Depois de um verão quente em que o tema dos impostos que recaem sobre os combustíveis obrigou a muita negociata nos corredores do Parlamento para se evitar que esquerda e direita aprovassem o fim do adicional ao ISP criado pelo Governo de António Costa em 2016, o Orçamento do Estado nada trouxe em termos de descidas. Foi estratégia. Duas semanas depois de ser conhecido o documento, Mário Centeno assumiu o palco para, com pompa, anunciar a redução do ISP sobre a gasolina.

Uma decisão para calar os críticos, mas que pouco alívio trouxe às famílias portuguesas. Primeiro porque estamos a falar de gasolina, não de gasóleo. Apesar de as vendas de automóveis a gasóleo estarem a cair — numa mudança de paradigma que só agora começa a ser percetível –, o diesel representa quatro em cada cinco litros de combustível consumido no mercado nacional. A gasolina responde pelos restantes 20%. Tirar três cêntimos ao ISP de um combustível tão pouco utilizado custa alguma coisa? Muito pouco.

Se António Mendonça Mendes apontou para uma fatura de 474 milhões de euros no caso de se acabar com o adicional do ISP sobre a gasolina e o gasóleo, quando Centeno anunciou a descida de três cêntimos no ISP da gasolina (levando o valor do ISP sobre este combustível para níveis anteriores ao da entrada em vigor do adicional) não se ouviu qualquer alerta por parte do secretário de Estado dos Assuntos Fiscais. Provavelmente porque sabe que a medida não custaria mais de 20 a 30 milhões aos cofres do Estado.

Ou, provavelmente, porque sabia que o corte no ISP da gasolina seria compensado com outras componentes do ISP. Provavelmente estaria a par daquilo que só agora se ficou a saber, através de uma portaria, numa sexta-feira ao final do dia, que foi a revisão da taxa de carbono. Se a descida do ISP teve honras de Parlamento, com Centeno a encher o peito, para anunciar a subida da taxa de carbono tanto na gasolina como no gasóleo ninguém deu o peito às balas.

Os novos valores da taxa de carbono implicaram um agravamento de 1,338 cêntimos por cada litro de gasolina e de 1,458 cêntimos por litro de gasóleo.
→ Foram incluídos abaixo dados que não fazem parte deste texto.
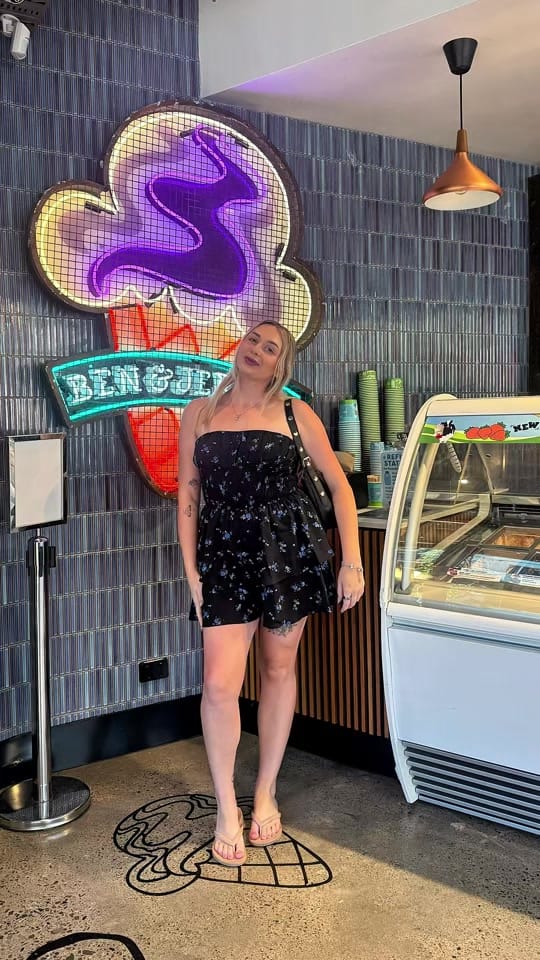 Post 8 by BRITT | AUS LIFESTYLE CREATOR on TikTok (video)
Dos três cêntimos de descida do ISP na gasolina sobrou pouco mais de metade, mas o pior é que no caso do gasóleo não só não houve qualquer alteração no ISP como o preço daquele que é o combustível de que muitos portugueses dependem, seja para trabalhar, seja para se deslocarem de casa para o trabalho e de volta a casa, ou simplesmente para viagens de lazer, ficou mais caro.

Aqueles 474 milhões de euros de fatura com o ISP de que falava Mendonça Mendes que se transformaram em pouco mais de 20 ou 30 milhões de euros vão acabar, no final das contas, por se traduzir num aumento da receita do Estado com os combustíveis. No Orçamento do Estado estava, de facto, um extra de 211 milhões de euros em receita de ISP. A explicação? “Dada a evolução do consumo”…, dizia o documento. Até pode ajudar, mas quando estas contas foram feitas já todos sabiam do resultado final. Só os portugueses, que continuam a pagar dos combustíveis mais caros da União Europeia, é que não.

Por mais voltas que se dê, percebe-se que é difícil para o Estado abdicar de uma receita tão generosa — qualquer que seja a cor política que esteja à frente do Governo. É difícil abdicar de uma receita que vai pingando automaticamente nos cofres públicos de cada vez que algum português atesta o depósito. É um vício com muitos anos. Mas então assuma-se esse vício, e que dificilmente haverá cura num país em que as contas públicas só agora dão sinal de estarem em ordem. Evite-se é a farsa.